■ STUDY MATERIAL
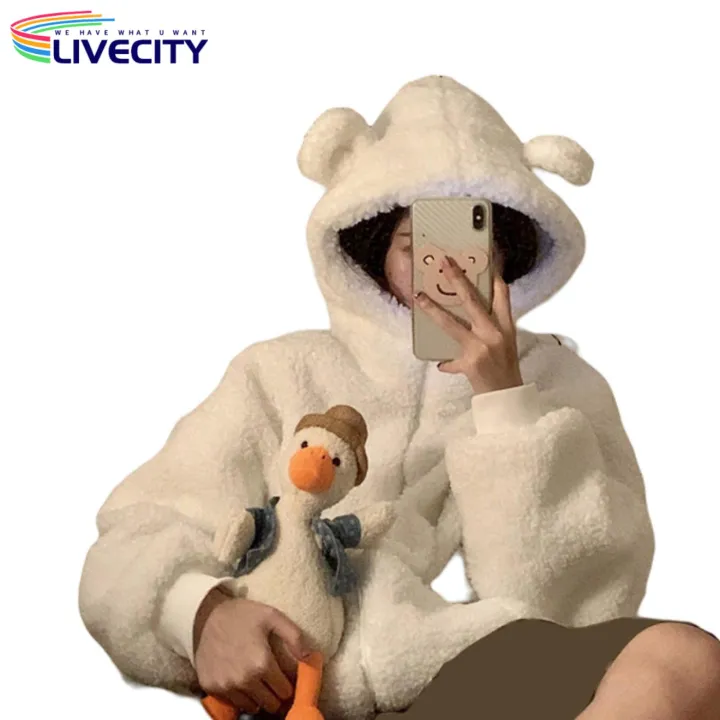 Imitation%20Lambswool%20Outerwear%20Zipper%20Closure%20Fall%20Winter%20Thickened%20Plush%20Cardigan%20Jacket%20-%20Image%209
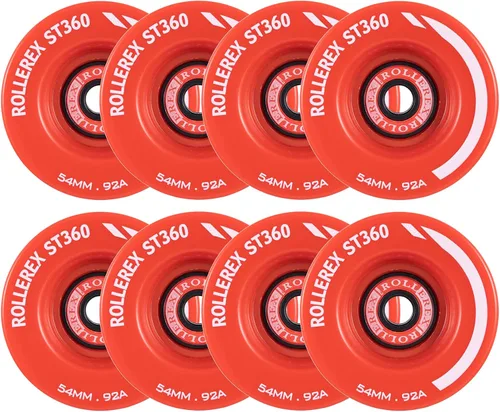 Miniatura 8 de Rollerex ST360 92A - Ruedas para patines de ruedas de 2.126 in x 1.260 in (paquete de 8 con rodamientos, espaciadores y arandelas)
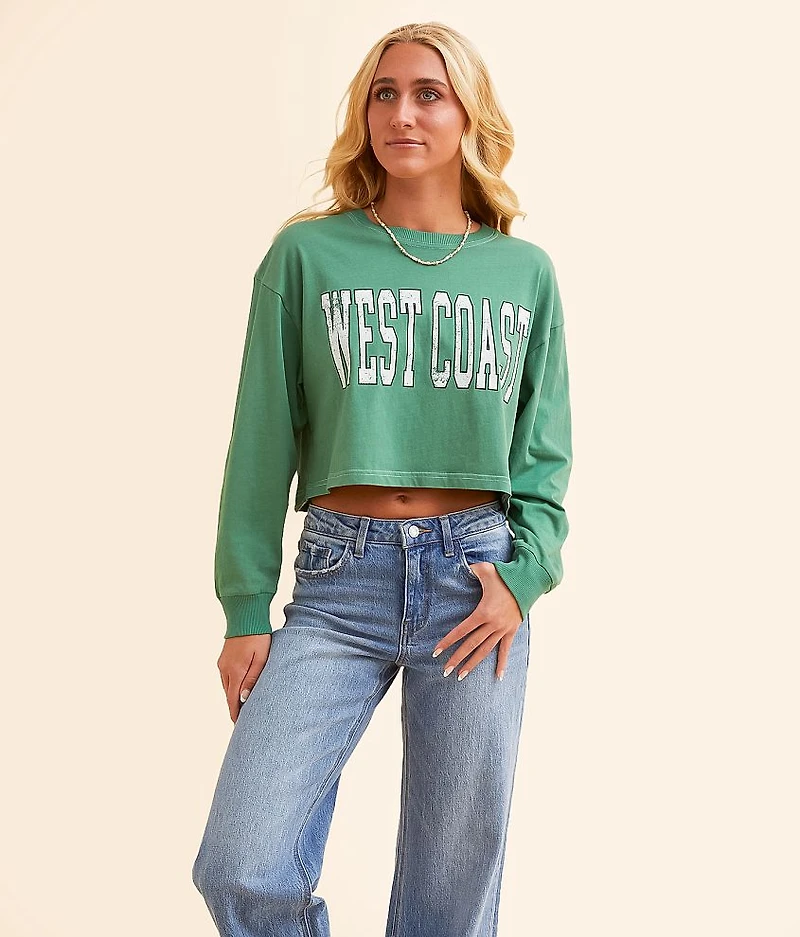 West Coast Boxy Cropped T-Shirt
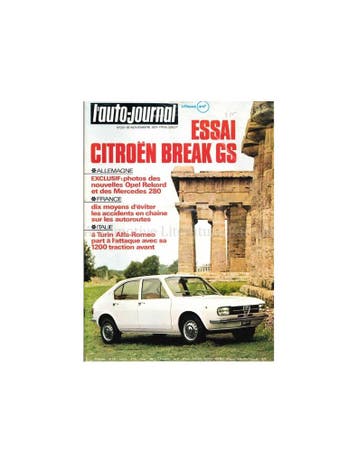 1971 LAUTO-JOURNAL MAGAZINE 23 FRANS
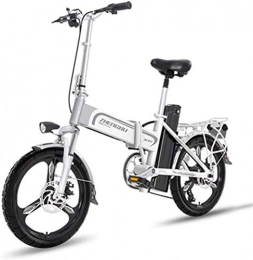ZJZ Bici elettriches Biciclette elettriche veloci per adulti Bicicletta elettrica leggera Ruote da 16 pollici Bicicletta portatile con pedale 400W Power Assist Bicicletta elettrica in alluminio Velocità massima fino a 25
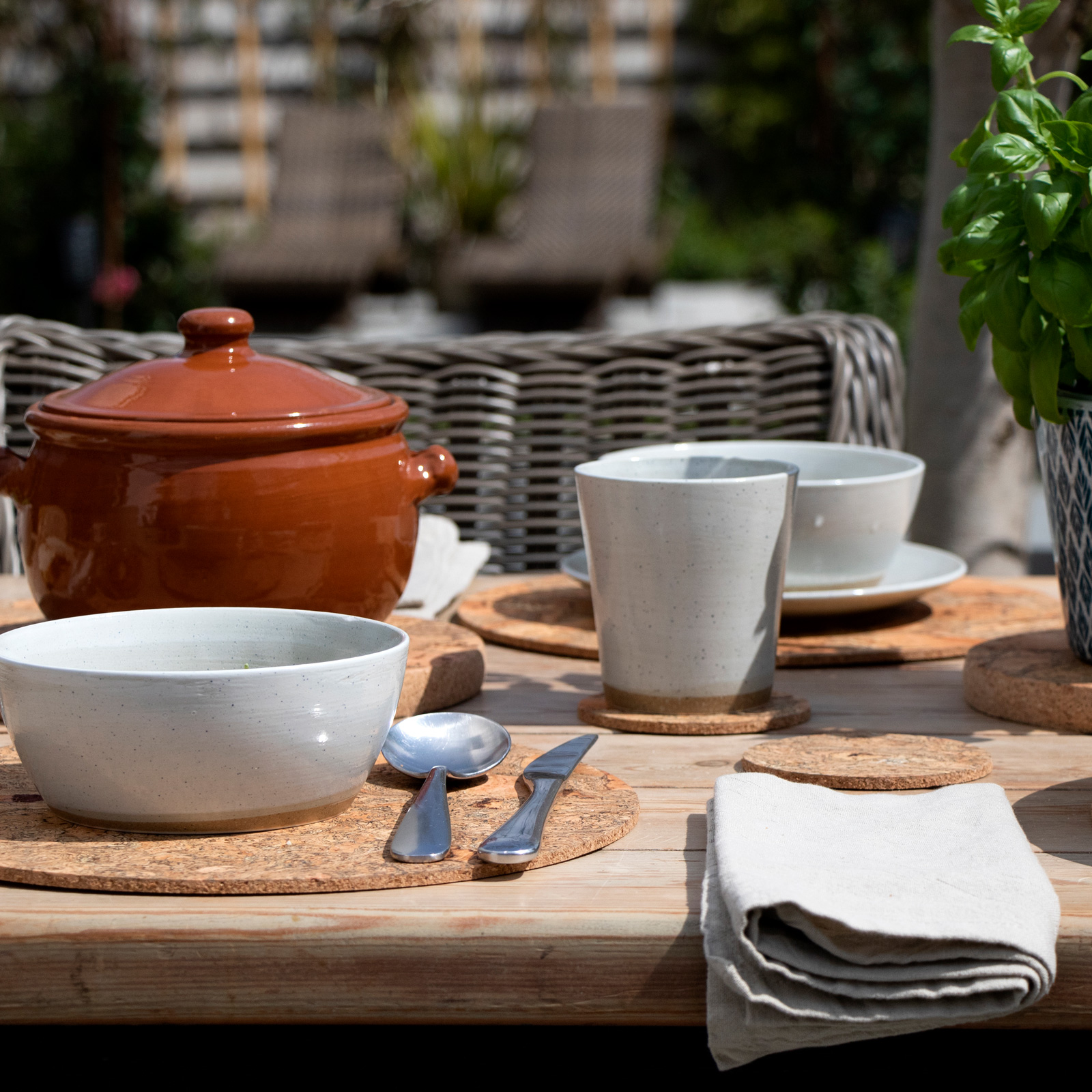 Set de table NATURAL CORK ROUND set de 4, Ø30cm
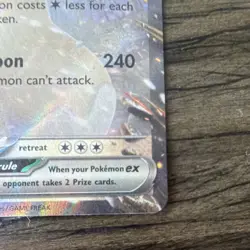 Pokemon Bloodmoon Ursaluna EX 177 Sv: Scarlet & Violet Promo Holo English 2024 - Image 4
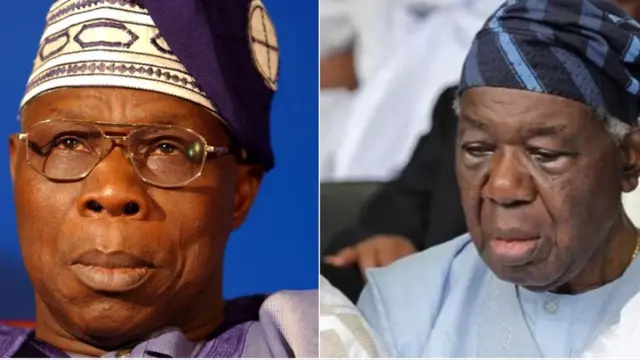 Olusegun Obasanjo na Ernest Shonekan
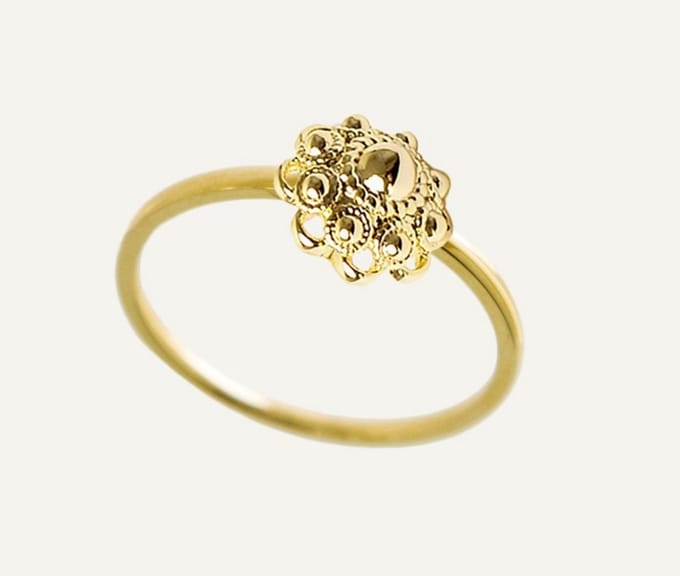 Zeeuwse knop ring goud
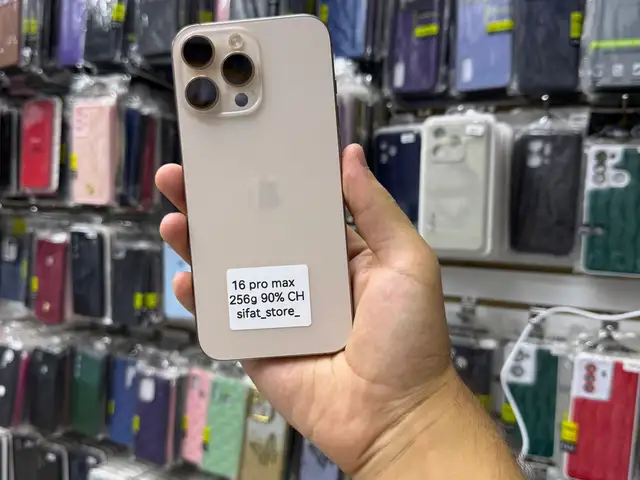 Apple iPhone 16 Pro Max, 256 gb, Desert Titanium, Худжанд
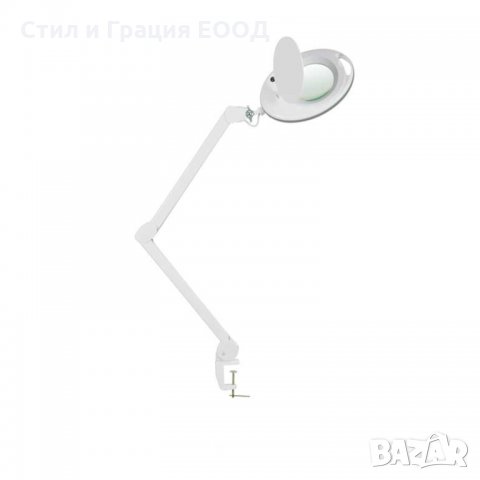 Лампа лупа LED Mega 5 диоптера - настолна, снимка 5 - Козметични уреди - 28044000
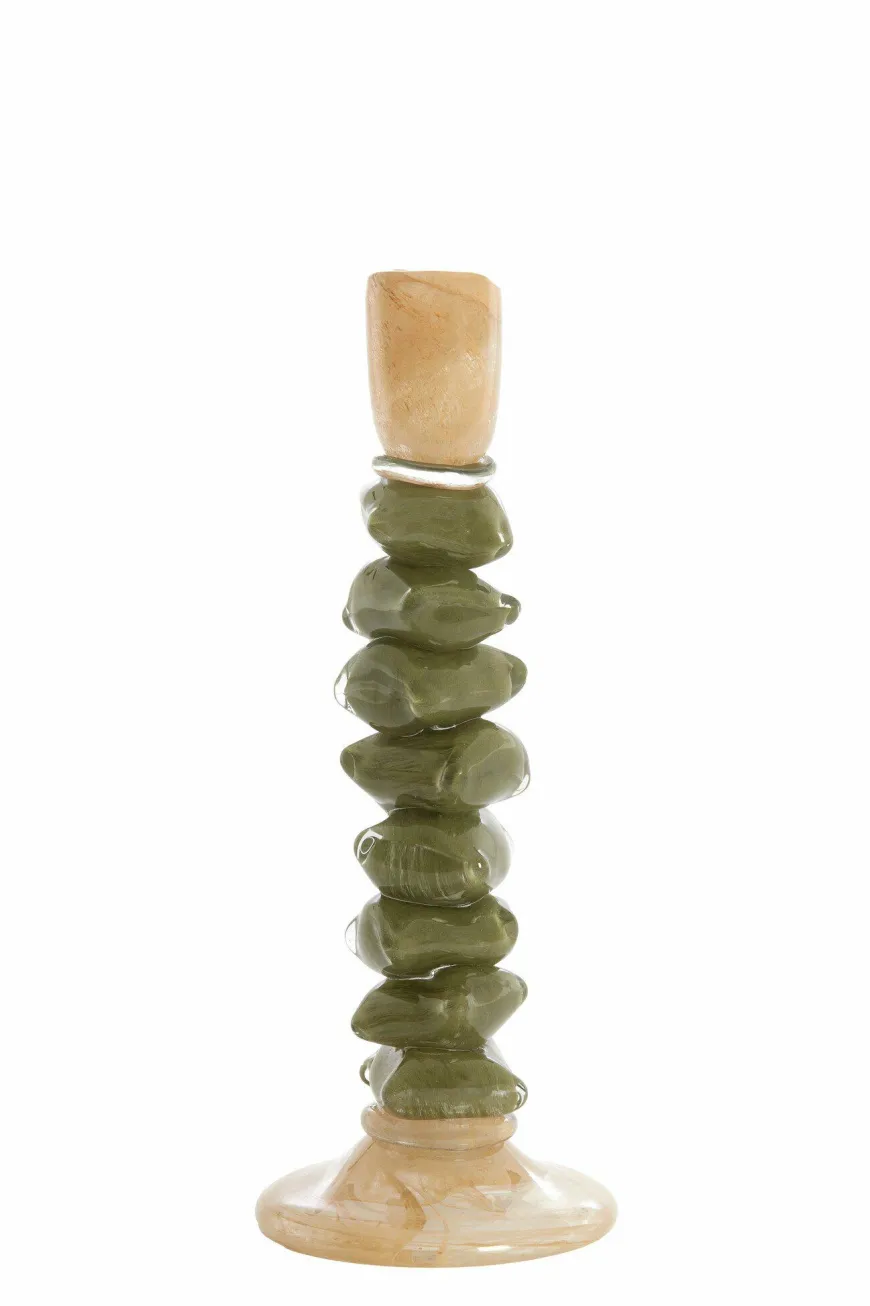 Light en Living Kandelaar Ø11,5X35 Cm ESTINA groen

■ TASK REQUIREMENTS
Print from the line containing "Miniatura 8 de" through the line containing "Zeeuwse knop ring goud" in the data above, exactly as the lines stand, and omit every picture.

■ ANSWER TO THIS TASK
 Miniatura 8 de Rollerex ST360 92A - Ruedas para patines de ruedas de 2.126 in x 1.260 in (paquete de 8 con rodamientos, espaciadores y arandelas)
 West Coast Boxy Cropped T-Shirt
 1971 LAUTO-JOURNAL MAGAZINE 23 FRANS
ZJZ Bici elettriches Biciclette elettriche veloci per adulti Bicicletta elettrica leggera Ruote da 16 pollici Bicicletta portatile con pedale 400W Power Assist Bicicletta elettrica in alluminio Velocità massima fino a 25
 Set de table NATURAL CORK ROUND set de 4, Ø30cm
 Pokemon Bloodmoon Ursaluna EX 177 Sv: Scarlet & Violet Promo Holo English 2024 - Image 4
 Olusegun Obasanjo na Ernest Shonekan
 Zeeuwse knop ring goud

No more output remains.